* [Aim of the task]: All that is wanted is an exact copy of the line containing "Freshly poured concrete" and the lines after it, through the end of the records.

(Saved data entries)
○ ○ ○ ○ ○ ○ ○

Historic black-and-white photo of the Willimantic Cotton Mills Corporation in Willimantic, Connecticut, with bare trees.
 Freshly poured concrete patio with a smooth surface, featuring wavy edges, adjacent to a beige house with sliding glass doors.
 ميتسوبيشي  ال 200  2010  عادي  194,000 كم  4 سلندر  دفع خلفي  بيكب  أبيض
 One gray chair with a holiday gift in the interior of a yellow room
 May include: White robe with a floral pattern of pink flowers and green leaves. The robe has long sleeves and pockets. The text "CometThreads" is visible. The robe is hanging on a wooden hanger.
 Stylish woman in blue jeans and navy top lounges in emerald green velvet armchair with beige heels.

○ ○ ○ ○ ○ ○ ○

* [Solution]:
 Freshly poured concrete patio with a smooth surface, featuring wavy edges, adjacent to a beige house with sliding glass doors.
 ميتسوبيشي  ال 200  2010  عادي  194,000 كم  4 سلندر  دفع خلفي  بيكب  أبيض
 One gray chair with a holiday gift in the interior of a yellow room
 May include: White robe with a floral pattern of pink flowers and green leaves. The robe has long sleeves and pockets. The text "CometThreads" is visible. The robe is hanging on a wooden hanger.
 Stylish woman in blue jeans and navy top lounges in emerald green velvet armchair with beige heels.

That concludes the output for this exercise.